- _RECORDED INFORMATION_:
──────────────────────────────

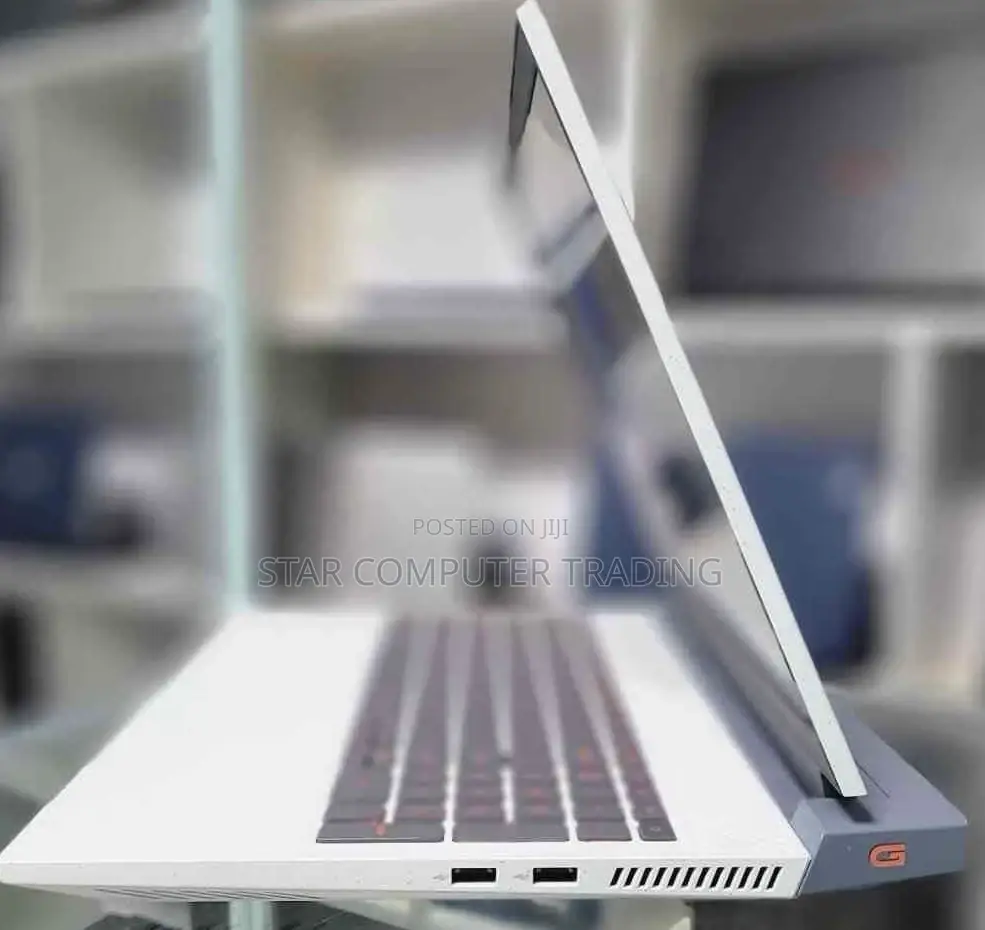New Laptop Dell G15 5511 16GB AMD Ryzen 7 SSD 512GB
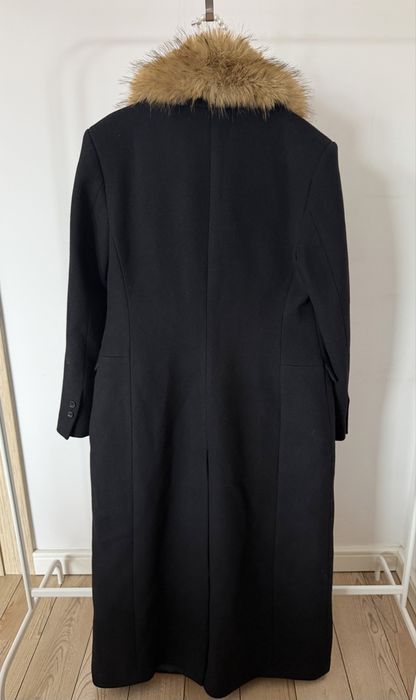 Zara płaszcz czarny XL ze sztucznym futrem 53% wełny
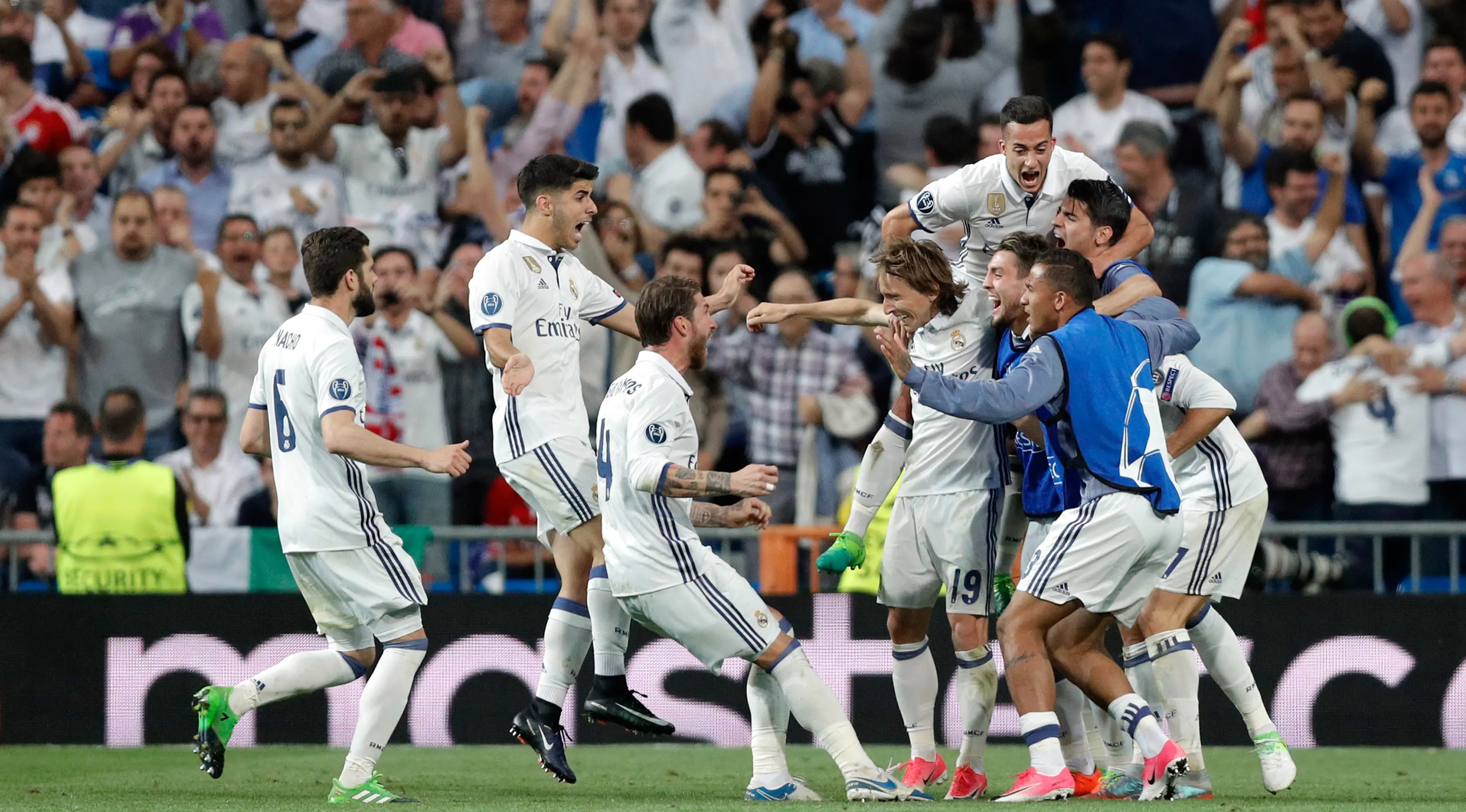 Pemain Real Madrid merayakan kemenangan mereka atas Bayern Munchen saat  Perempat Final Liga Champions 2017 di Santiago Bernabeu, Spanyol, Rabu (19/4). Madrid kandaskan Munchen dengan skor 4-2. (AP Photo)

──────────────────────────────

- _DIRECTIONS FOR THIS TASK_:
Output the listing exactly. Leave out any image.

- _SOLUTION TO THIS EXERCISE_:
New Laptop Dell G15 5511 16GB AMD Ryzen 7 SSD 512GB
 Zara płaszcz czarny XL ze sztucznym futrem 53% wełny
 Pemain Real Madrid merayakan kemenangan mereka atas Bayern Munchen saat  Perempat Final Liga Champions 2017 di Santiago Bernabeu, Spanyol, Rabu (19/4). Madrid kandaskan Munchen dengan skor 4-2. (AP Photo)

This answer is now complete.